__ASSIGNMENT__.
Take the material below and reproduce, word for word, only the lines from the line with "Fleurs de lotus..." through the line with "Which structure is".
=== DATASET RECORDS ===
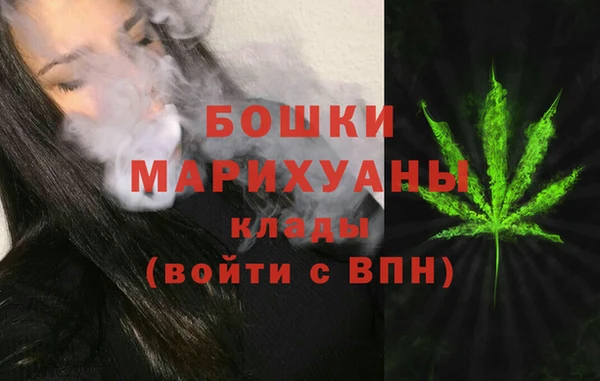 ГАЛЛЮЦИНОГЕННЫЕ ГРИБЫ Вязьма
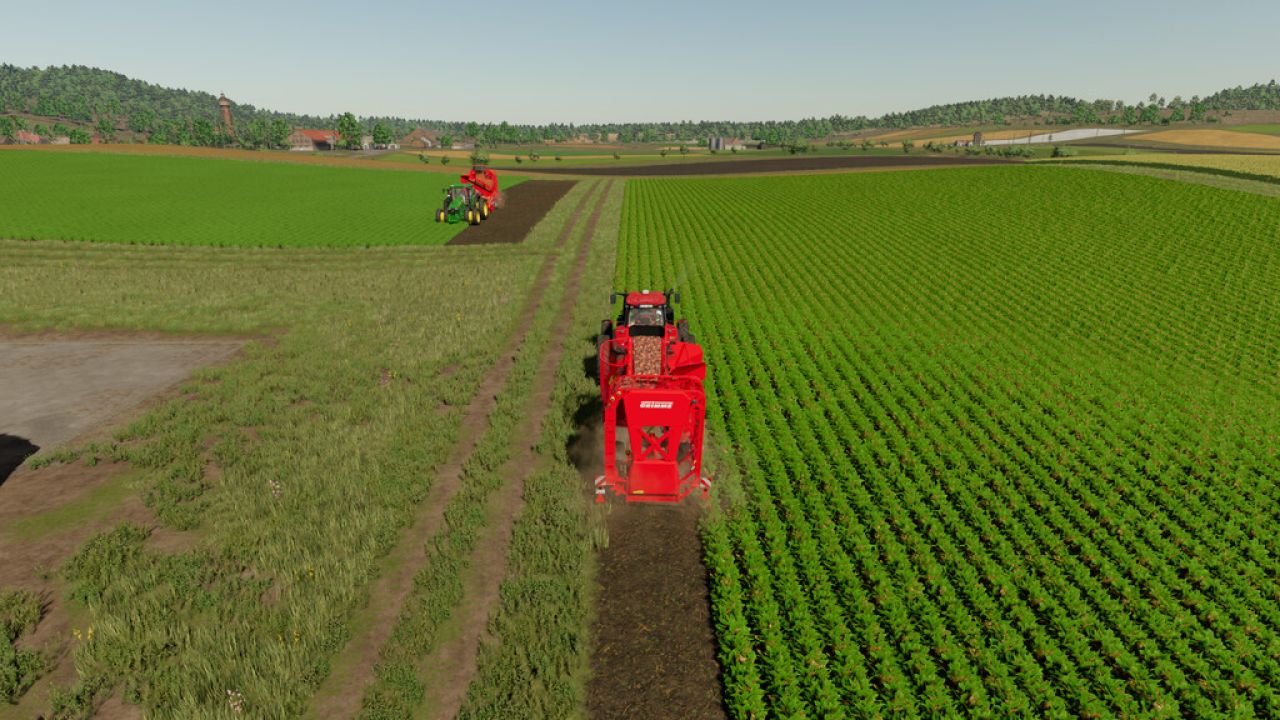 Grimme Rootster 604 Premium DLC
===
=== DATASET RECORDS ===
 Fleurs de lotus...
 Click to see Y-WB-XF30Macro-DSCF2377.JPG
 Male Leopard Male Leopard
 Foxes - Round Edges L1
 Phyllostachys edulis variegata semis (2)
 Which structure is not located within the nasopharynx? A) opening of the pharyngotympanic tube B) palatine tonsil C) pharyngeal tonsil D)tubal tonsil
===
=== DATASET RECORDS ===
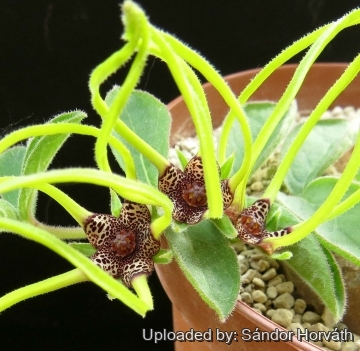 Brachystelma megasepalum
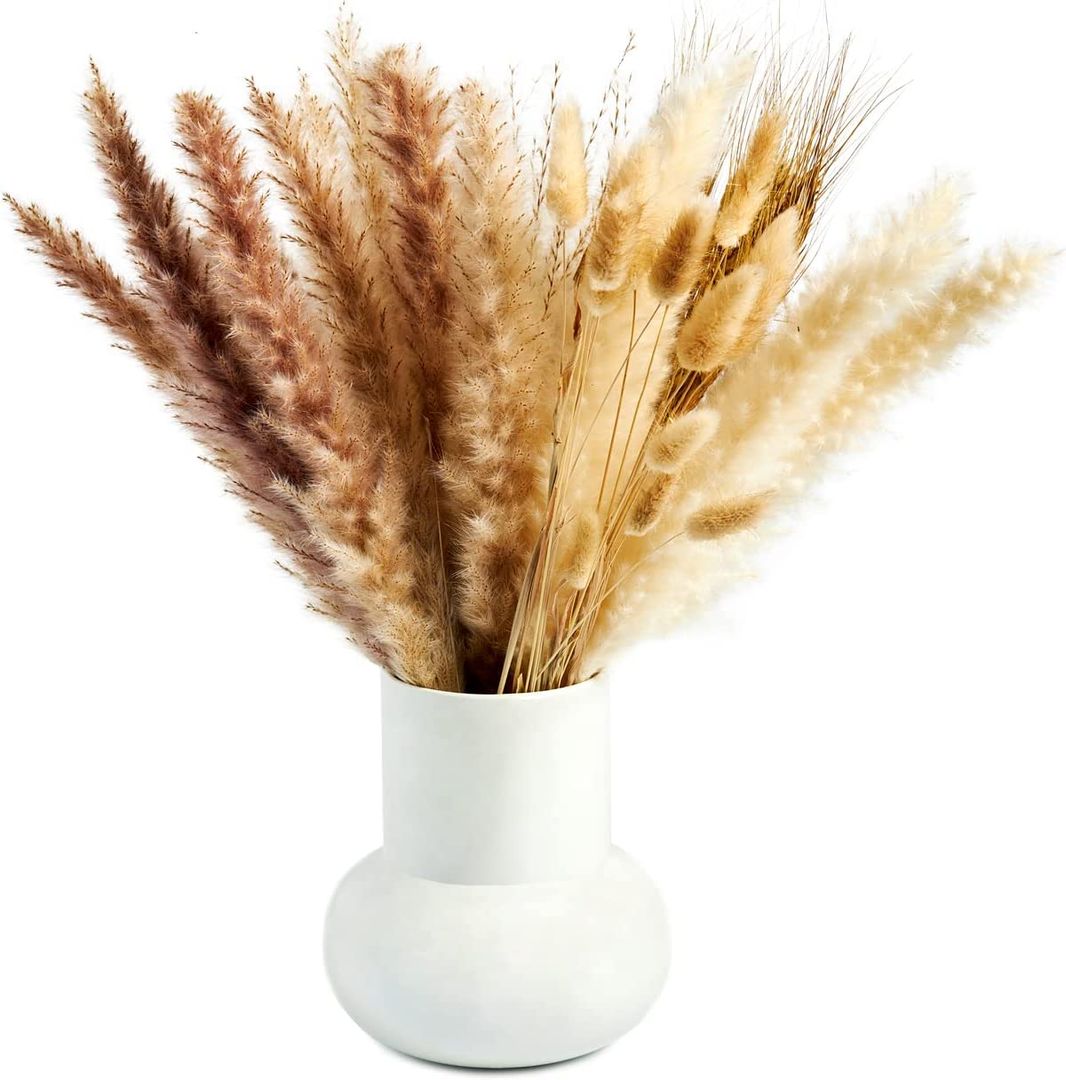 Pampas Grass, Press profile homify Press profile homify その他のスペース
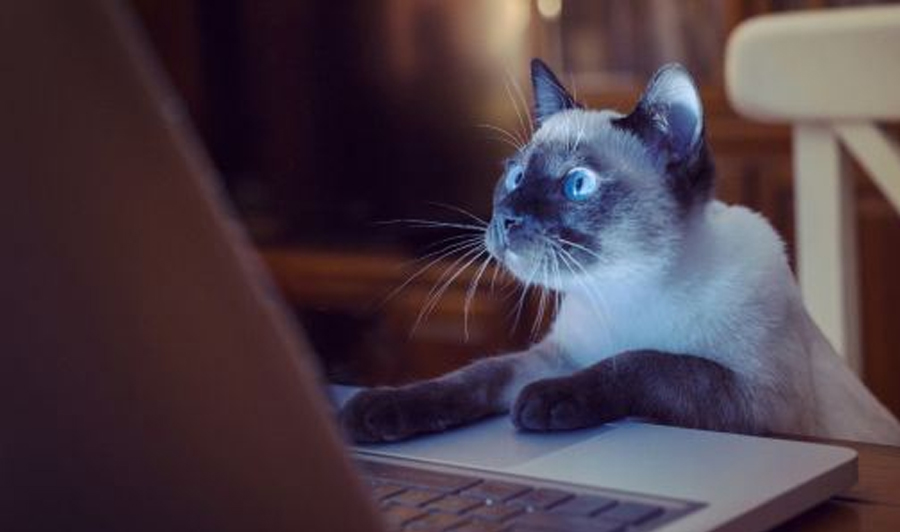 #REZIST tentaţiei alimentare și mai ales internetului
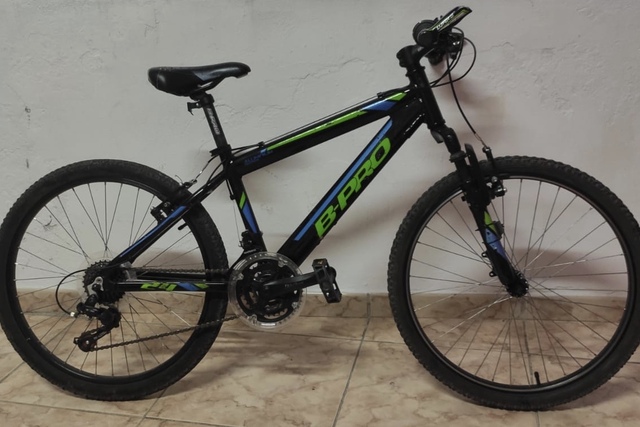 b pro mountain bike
===
__THE COMPLETED TASK__.
 Fleurs de lotus...
 Click to see Y-WB-XF30Macro-DSCF2377.JPG
 Male Leopard Male Leopard
 Foxes - Round Edges L1
 Phyllostachys edulis variegata semis (2)
 Which structure is not located within the nasopharynx? A) opening of the pharyngotympanic tube B) palatine tonsil C) pharyngeal tonsil D)tubal tonsil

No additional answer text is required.